During a recent visit from Danny, we had a great chance to talk about the changing nature of the profession of teaching. It used to be that the teacher was a curator of sorts. One of the primary jobs of the teacher was to assemble information from a number of sources—textbooks, personal experience, encyclopedias, professionals; sources that the student might not ordinarily have access to—and present that information to the student, for consumption or manipulation. It was a good life, but a bit labor intensive, in many ways. Being a “teacher as curator” required a lot of management and coordination of resources.

Those days, for many teachers, are long gone.
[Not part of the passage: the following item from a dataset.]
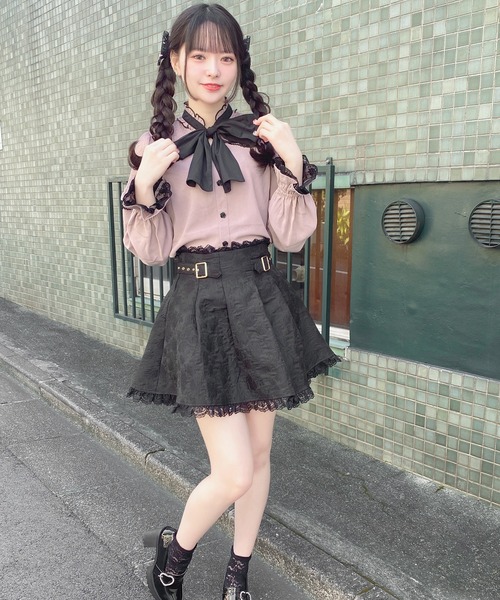 ROJITA（ロジータ）の「フラワージャガードスカパン（スカート・レディース・ブラック/ベージュ/マルチ・FREE）」の11枚目の写真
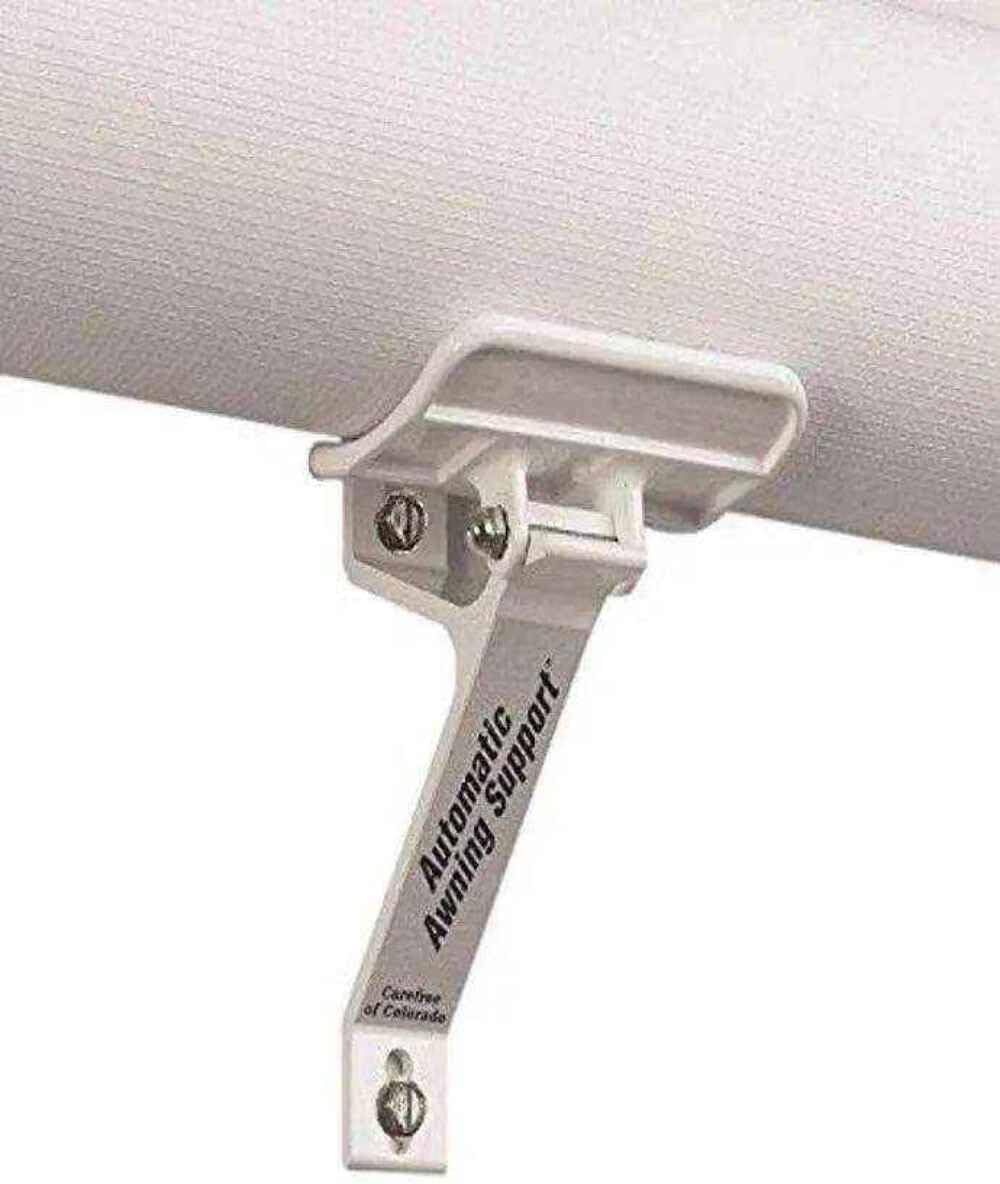 Soporte automático toldo RV blanco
All that information from all those sources is, to a great extent, now available via an enormous firehose. Maybe you’ve heard of my friend Mr. Internet? Online textbooks, professional blogs, Wikipedia, corporate websites, educational websites, all contain enormous amounts of information, and provide the opportunity to learn from and converse with people in just about every field. Any teacher, with 15-minutes of googling and fact-checking, can assemble hundreds of links to quality information that can be used by students to guide their learning.

One of the new jobs for the teacher, then, is to manage that firehouse for our students. One of our new jobs is to reduce the number of hits from any given Google search from “thousands”—an overwhelming number that really doesn’t help anyone—down to a dozen or so.

I’ve got to admit, I used to scoff at the idea of a programmed WebQuest, dismissing it as just a way for teachers to repackage some of their old content in a new medium. I’m starting to realize, though, that telling my programming students only that “you need to use Google to find resources that will help you program a game in Python” is a bit vague; it leaves too much to chance and will almost certainly result in a certain amount of time wasted.

Part of my job, then, is assemble resources for them, not by collecting materials they wouldn’t otherwise have, but by pre-sorting the materials that they already have (via the Internet). A smaller subset of websites, etc., delivered in class or made available on the course website, helps to narrow down the places they need to dig through, and allows for a more efficient use of class/study time.